Wed, 24 Sep 2008 04:23:16 +0000

Registrars are beginning to offer new services to protect against domain name loss. Are they worth it? Well, they're worth something, but maybe not all the money being charged. Yesterday, Domain Name Wire revealed that GoDaddy has filed for a patent for "Domain Name Hijack Protection." The basic idea of the service is that domain name transfer-out requests are automatically ignored. The customer gets a notice that the request was received and ignored. The user then has the option of turning off the service, and must supply photo ID in order to do it. Comments on the Domain Name Wire article say it's an intentionally cumbersome process, which certainly works out well for GoDaddy, but I'm not so sure I'd call this innovative. This application may be related to GoDaddy's Protected Registration service, which similarly protects against casual transfers, a service they call Deadbolt Transfer Protection. In order to perform a transfer, more thorough verification procedures are required, probably involving genuine human beings. GoDaddy also claims to protect the domain in case of billing problems, such as "credit card expiration, failed billing or outdated contact information." If your domain expires and cannot be renewed because the credit card expired or some other such reason the domain will be placed in "invalid, protected status" for up to one year. In other words, it will be taken off-line, but not made available for anyone else to register. If you've parked it you may not notice, but if you're using the domain you will, because it won't work anymore. At this point you can go back to GoDaddy and make things right. All this costs $24.99 a year, which is a lot of money compared to the base registration. You'd be much better off with a standard domain lock and just being responsible about your domains and reading the e-mail GoDaddy sends you. And thanks to DomainNameNews for reporting that Moniker, a registrar aimed at higher-volume domain name owners, has launched their DomainMaxLock service. DomainMaxLock, like GoDaddy's Deadbolt, makes you provide more stringent identification for transfers. According to the company you must:

Provide a government I.D. number for verification of your identity.
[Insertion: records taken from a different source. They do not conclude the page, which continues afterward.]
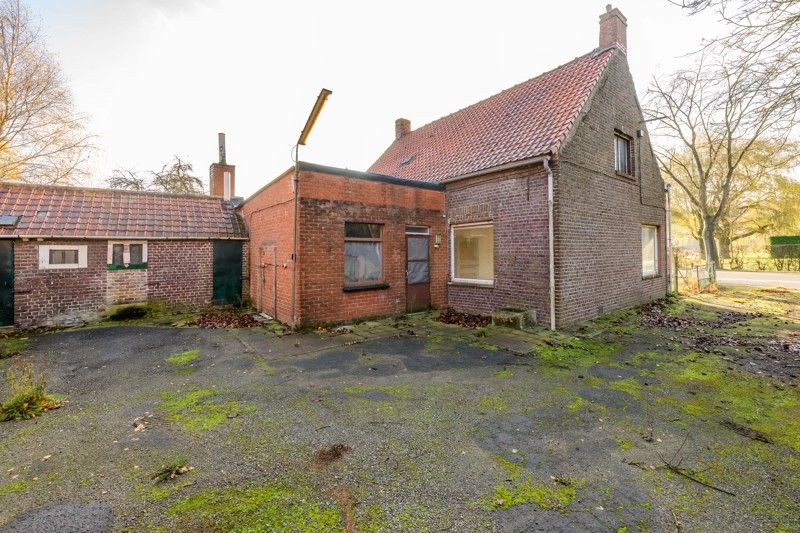 Te herbouwen of te slopen woning op ruim perceel in landelijke omgeving! foto 17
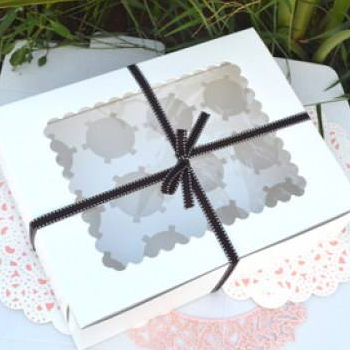 Hộp cupcake giấy trắng 12 bánh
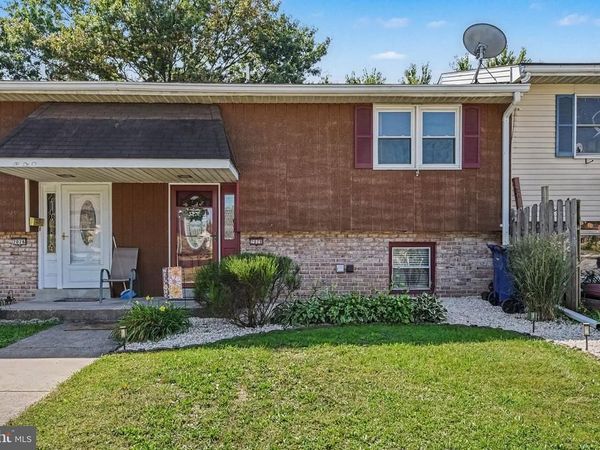 2078 LEXINGTON AVENUE, MIDDLETOWN, PA 17057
Set up custom security questions and answers, further safeguarding your domain assets.
Provide special verification instructions and artifacts to ensure that your unique business or ownership interests are protected.
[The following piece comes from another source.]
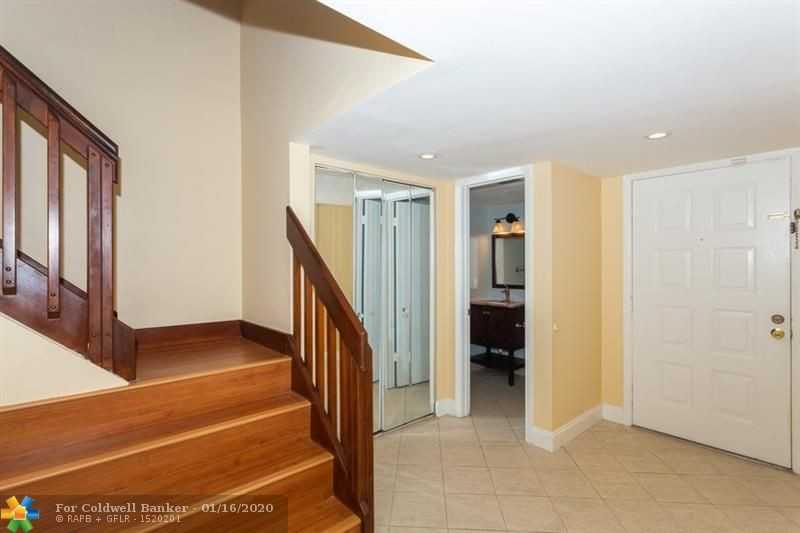 5200 Lake Loop Rd - Photo 3 of 32
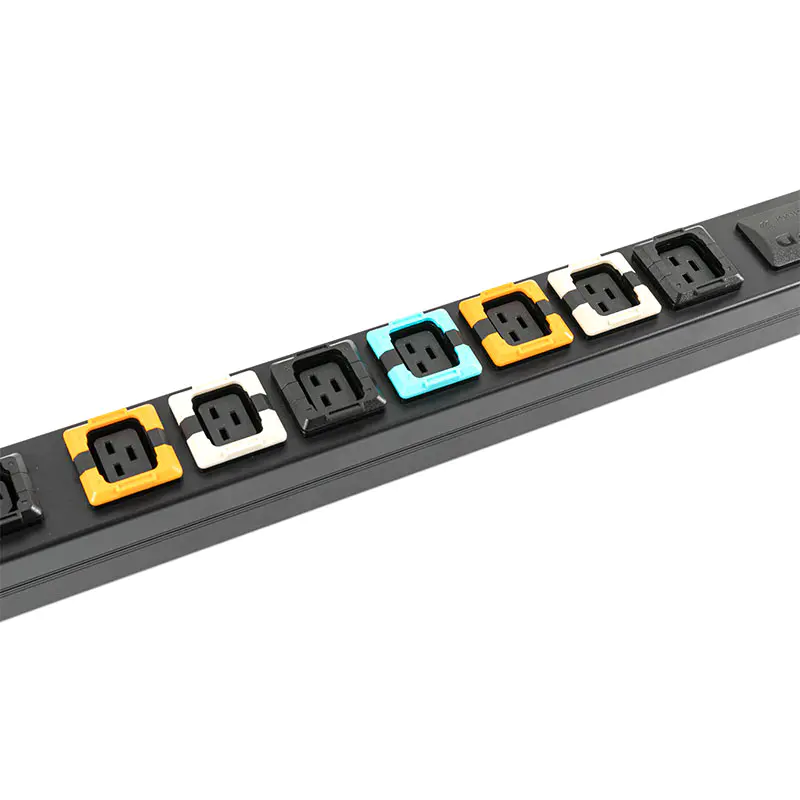 PDU gắn tủ rack dạng đứng có công tắc, bộ ngắt mạch và 3 SPD, 19 ổ cắm C13 C19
When you request that your domains be unlocked, our security team works directly with you to verify all of the above off-line - further eliminating risks of doing business in an online world!

It's essentially an admission of the failure of automated services with respect to security. The idea is we can trust humans in person, not software. The service costs $34.95 per domain per year for a limited time, but the cost will increase later to $59.99. These verification services are similar in many ways to those performed by CAs (certificate authorities). Since GoDaddy is also one of those, it's likely they can get better utilization out of that staff by offering such services.